INSTRUCTIONS TO FOLLOW> For this task, extract exactly the lines of the data below, from the line containing "バジェットクリスマスオープンハウスランタン招待状 (正面)" through the last one, with pictures left out.
[Opening RECORD SET section]
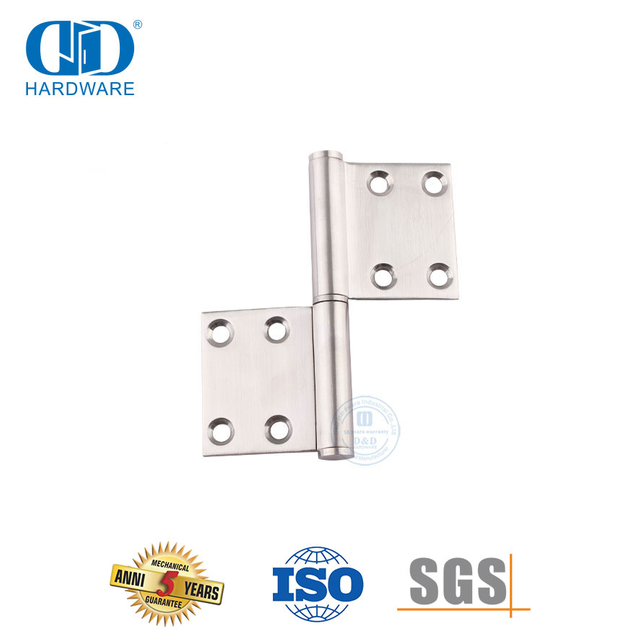 Bisagra de bandera de acero inoxidable para herrajes para puertas exteriores de uso generalizado-DDSS032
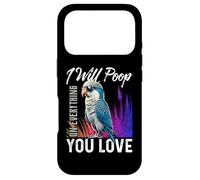 I Will Poop on Everything You Love Blue Quaker Parrot Case for iPhone 17 Pro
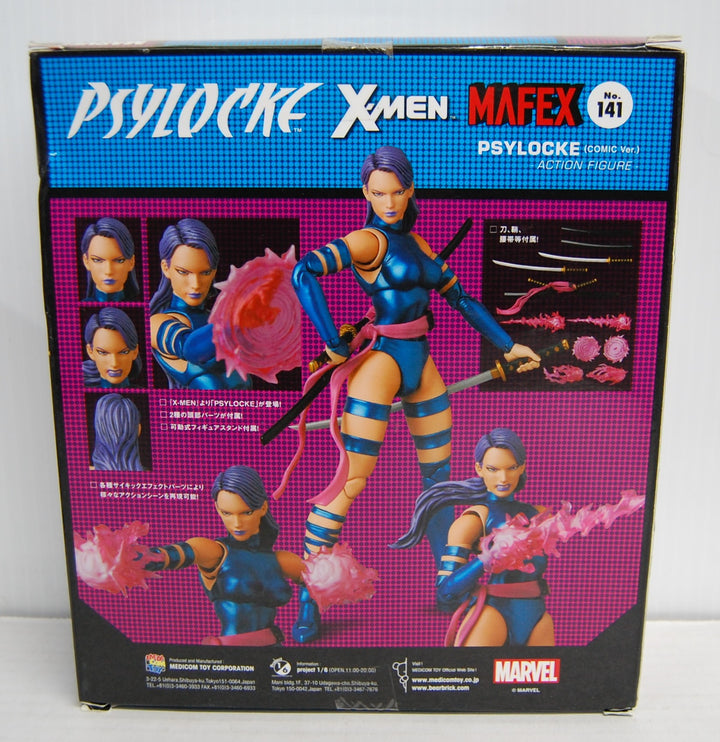 Mafex X-Men Psylocke (Comic Ver.) Figure #141 Marvel Medicom Toy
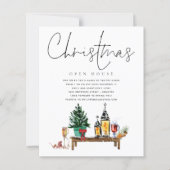 バジェットクリスマスオープンハウスランタン招待状 (正面)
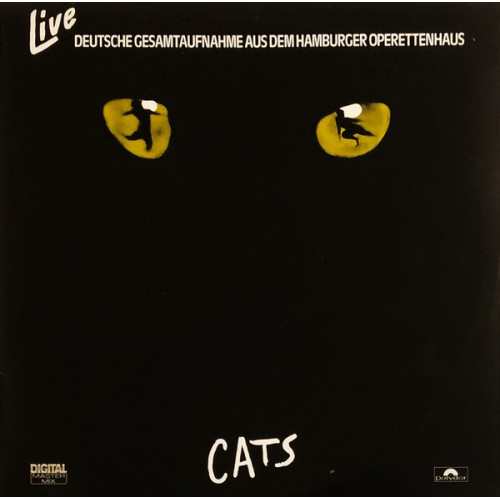 Andrew Lloyd Webber – Cats Live - Deutsche Gesamtaufnahme Aus Dem Hamburger Operettenhaus (2 LP)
[Closing RECORD SET section]
ANSWER AREA>
 バジェットクリスマスオープンハウスランタン招待状 (正面)
 Andrew Lloyd Webber – Cats Live - Deutsche Gesamtaufnahme Aus Dem Hamburger Operettenhaus (2 LP)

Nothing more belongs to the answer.